Di tengah-tengah kerumunan, berdiri seorang pria yang mereka kenal betul. Muh Yusuf Dollah, atau biasa mereka panggil Dony. Mantan Penjabat Sekretaris Daerah (Sekda) Sidrap ini seperti kembali ke rumah.
Warga Sidrap mengenal Dony tidak hanya sebagai eks pemerintah, tapi sosok yang dekat dengan hati mereka. Senyum hangatnya, sapaan ramahnya, membawa nuansa haru. Wajah-wajah penuh antusiasme terlihat di mana-mana.
Ini bukan sekadar kampanye. Ini adalah pertemuan keluarga. Di Kota Pandai Besi, semua orang tahu siapa Dony.
Mereka tahu betapa tangguhnya pria ini, sekeras besi yang ditempa, tapi tetap lembut saat menyapa. Warga Massepe, dengan penuh rasa hormat, mendengarkan setiap kata yang keluar dari mulutnya.
“Kami datang bukan hanya untuk meminta dukungan,” ucapnya. “Kami datang membawa solusi.”
Dony memperkenalkan Muh Datariansyah, pasangannya. Bersama-sama, mereka membawa bendera DOATA, pasangan calon bupati dan wakil bupati nomor urut satu. Namun, malam itu bukan sekadar tentang nomor urut.
Ini tentang apa yang akan mereka bawa untuk Sidrap. Dony tahu, warga menginginkan lebih dari janji kosong.
“Kami akan berikan yang gratis. Bukan cuma sekadar kata,” ucap Dony, mata bercahaya. Warga menyimak, bahkan anak-anak kecil pun menghentikan permainan mereka. Program demi program dilontarkan. Setiap kata serupa alunan lagu, membuat mereka yang mendengar tersentuh.
“Pajak Bumi dan Bangunan, gratis! Untuk yang nilai objeknya di bawah Rp 50.000,” ujar Dony. Seolah ringan, tapi semua tahu, untuk keluarga miskin, ini adalah napas baru. Tak perlu lagi mereka memikirkan pajak yang menekan.
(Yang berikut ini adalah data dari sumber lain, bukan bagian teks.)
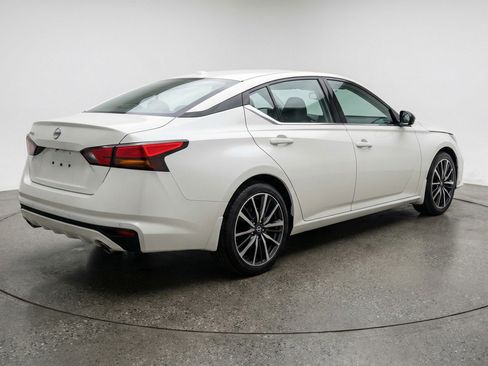 Used 2025 Nissan Altima 2.5 SV image 9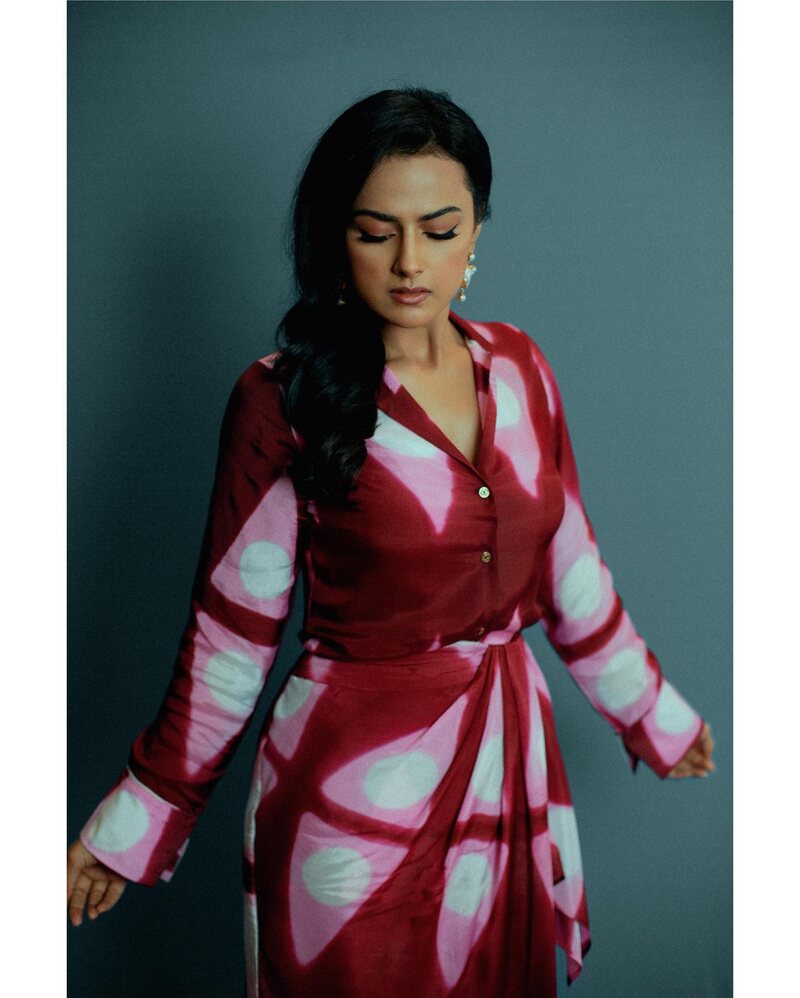 Shraddha srinath new click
“Listrik 450 hingga 900 KWH, gratis juga!” lanjutnya. Kalimat pendek, tapi memukul. Di desa ini, listrik adalah kehidupan. Gratis berarti harapan baru bagi dapur-dapur yang senyap.
Lalu program bedah rumah. Seribu rumah per tahun. “Untuk mereka yang tak lagi punya tempat layak untuk tidur,” katanya. Warga berbisik, saling pandang. Satu rumah yang dibedah bisa berarti dunia bagi sebuah keluarga. Suara warga yang semula ramai, perlahan redup, diselimuti rasa haru.
Dony tak berhenti. Ada juga layanan kesehatan gratis. Tidak perlu takut sakit. Ambulans siap menjemput, tanpa perlu bayar. Lagi-lagi warga terdiam. Bagi yang hidup dengan ketidakpastian, ini seperti angin segar di tengah gersang.
Program seragam sekolah untuk anak-anak pun disampaikan. Setiap anak, tanpa kecuali, akan dapat seragam. TK, SD, SMP. Gratis. Anak-anak kecil yang mendengarnya bersorak, meski mungkin mereka belum sepenuhnya paham arti besar di balik kata “gratis” itu.
Dan Dony belum selesai. Ada Rp 5 miliar per kecamatan untuk infrastruktur. Jalanan yang selama ini terjal, jembatan yang retak, akan diperbaiki. Warga merasakan nadanya. Ini bukan janji kosong. Setiap kata yang diucapkan Dony terasa nyata, seperti besi yang dipalu, seperti jalan yang kelak akan mereka lalui.
Imam, pegawai syara, guru mengaji—mereka yang selama ini menjadi penjaga spiritual, juga mendapat tempat. Tunjangan untuk mereka. Karena Dony tahu, masyarakat Sidrap membutuhkan lebih dari sekadar pembangunan fisik. Mereka butuh kekuatan moral, kekuatan batin.
Malam semakin larut, namun suasana semakin khidmat. Dony menutup pidatonya dengan senyum penuh arti. Di bawah sinar lampu yang remang, ia seperti pahlawan yang datang dengan karung-karung harapan. Warga Massepe tak lagi ragu. Sosok di depan mereka bukan hanya calon bupati, tapi juga seorang sahabat.